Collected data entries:
------------------------------------------------------------------------
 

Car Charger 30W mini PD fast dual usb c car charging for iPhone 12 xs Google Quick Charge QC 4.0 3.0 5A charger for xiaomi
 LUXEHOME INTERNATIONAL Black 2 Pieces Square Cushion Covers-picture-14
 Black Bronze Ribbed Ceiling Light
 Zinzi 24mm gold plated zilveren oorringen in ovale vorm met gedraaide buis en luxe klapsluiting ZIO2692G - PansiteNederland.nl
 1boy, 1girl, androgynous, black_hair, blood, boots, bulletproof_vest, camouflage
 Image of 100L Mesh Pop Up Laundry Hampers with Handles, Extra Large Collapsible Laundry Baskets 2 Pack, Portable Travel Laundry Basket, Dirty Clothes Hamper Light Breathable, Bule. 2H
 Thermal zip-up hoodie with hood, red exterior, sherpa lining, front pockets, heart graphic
------------------------------------------------------------------------
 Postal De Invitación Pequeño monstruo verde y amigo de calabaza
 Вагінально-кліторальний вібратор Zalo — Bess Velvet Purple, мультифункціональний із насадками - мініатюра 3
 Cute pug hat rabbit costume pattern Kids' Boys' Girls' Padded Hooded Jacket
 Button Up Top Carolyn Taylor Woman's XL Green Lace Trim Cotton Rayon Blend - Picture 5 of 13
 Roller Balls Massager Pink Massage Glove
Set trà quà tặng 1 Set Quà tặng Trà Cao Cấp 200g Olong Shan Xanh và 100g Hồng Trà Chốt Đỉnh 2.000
------------------------------------------------------------------------
- [Problem to solve] Go to the line with "Black Bronze Ribbed Ceiling Light" in the entries above and repeat every line from there through the line with "Image of 100L", exactly and with no other text.

- [Response below]
 Black Bronze Ribbed Ceiling Light
 Zinzi 24mm gold plated zilveren oorringen in ovale vorm met gedraaide buis en luxe klapsluiting ZIO2692G - PansiteNederland.nl
 1boy, 1girl, androgynous, black_hair, blood, boots, bulletproof_vest, camouflage
 Image of 100L Mesh Pop Up Laundry Hampers with Handles, Extra Large Collapsible Laundry Baskets 2 Pack, Portable Travel Laundry Basket, Dirty Clothes Hamper Light Breathable, Bule. 2H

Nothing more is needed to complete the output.